The event, Light It Up Blue, was a first of its kind for Connect 2 Autism, an area support group founded by Kimberly Rickman.

Rickman's 15-year-old son was diagnosed with autism about a decade ago, at a time, Rickman said community support was lacking.

"I thought I was the only one in this town whose son had autism," she said. "I felt alone - it was the worst feeling you can ever experience - and I'm doing this because I don't want anyone to ever feel like I felt."

Rickman formed Connect 2 Autism three months ago to create a place for families to come together and support each other.

Live music, games and information booths circled the gazebo at DeLeon Plaza.

Building Kids Steps, a pediatric therapy center in Victoria, set up game booths to entertain the children and a live disc jockey spun music. Rickman's son, Steven, co-hosted the event.

"I'm a person," Steven said. "Autism is part of me. Not all of me."

Steven told the crowd that sometimes pictures are easier for him to understand and some sounds bother him.

According to the website, the spectrum can be associated with intellectual disability, difficulties with motor coordination and attention. Health issues, such as sleep, can also be affected.

Melissa Martinez, 30, of Port Lavaca, said when her son began to have uncontrollable fits, delayed speech and was extremely hyper, she had suspicions that he was autistic.

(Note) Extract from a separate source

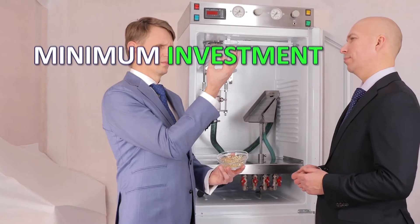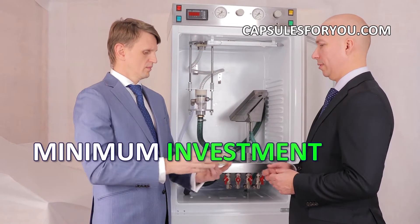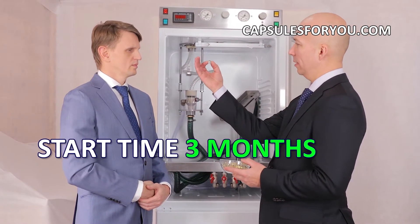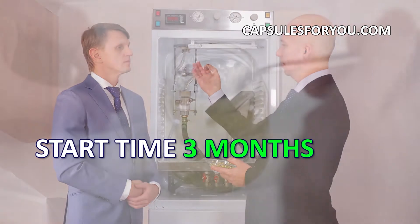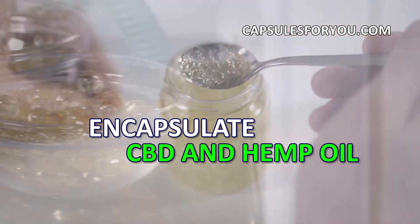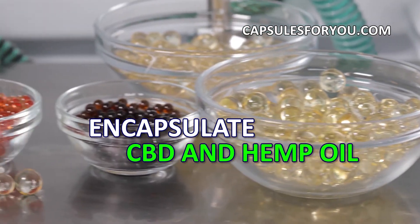The specialists of our company will give you a detailed description of our equipment features, make recommendations on preparation of your premises, help with finding raw materials, adjust equipment, and train you to work on it.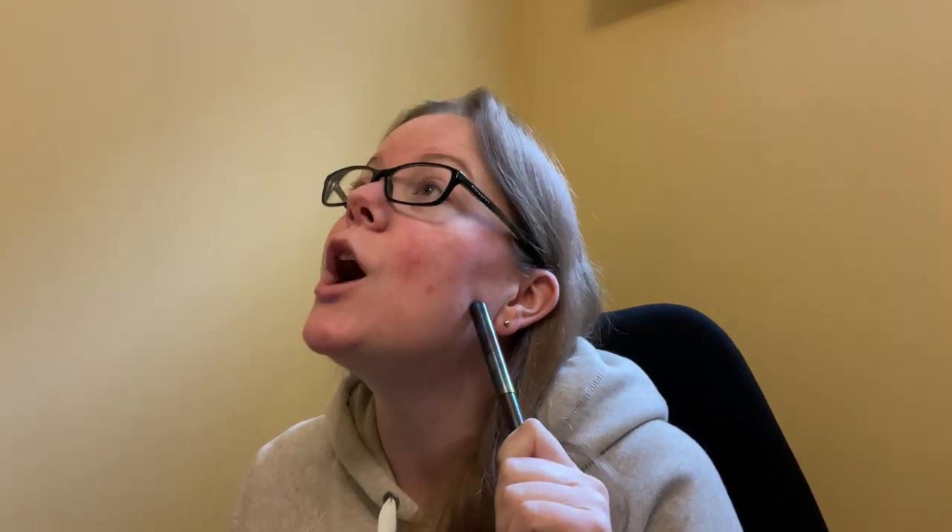Hello, darling. Today we're going to talk about the Caveco Supra fountain pen. This was sent to me by the good people over at Caveco. I did not pay for this pen. I am not being paid for this pen, so all the comments are my own.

"It was traumatic," she said. "But getting him diagnosed was the best thing that could have happened for us.

"It opened a new world."

Martinez said joining support groups such as Connect 2 Autism helped her learn a lot about her son and autism.

"I learned to be patient with him," she said, and her son now has a group of other children to play with. "I learned that I'm not on my own."

Rickman said she plans to continue with Light It Up Blue every year.

"I just want to do what I can to help educate people about autism," she said. "Because, when you educate people, you empower them to become advocates for children like my son."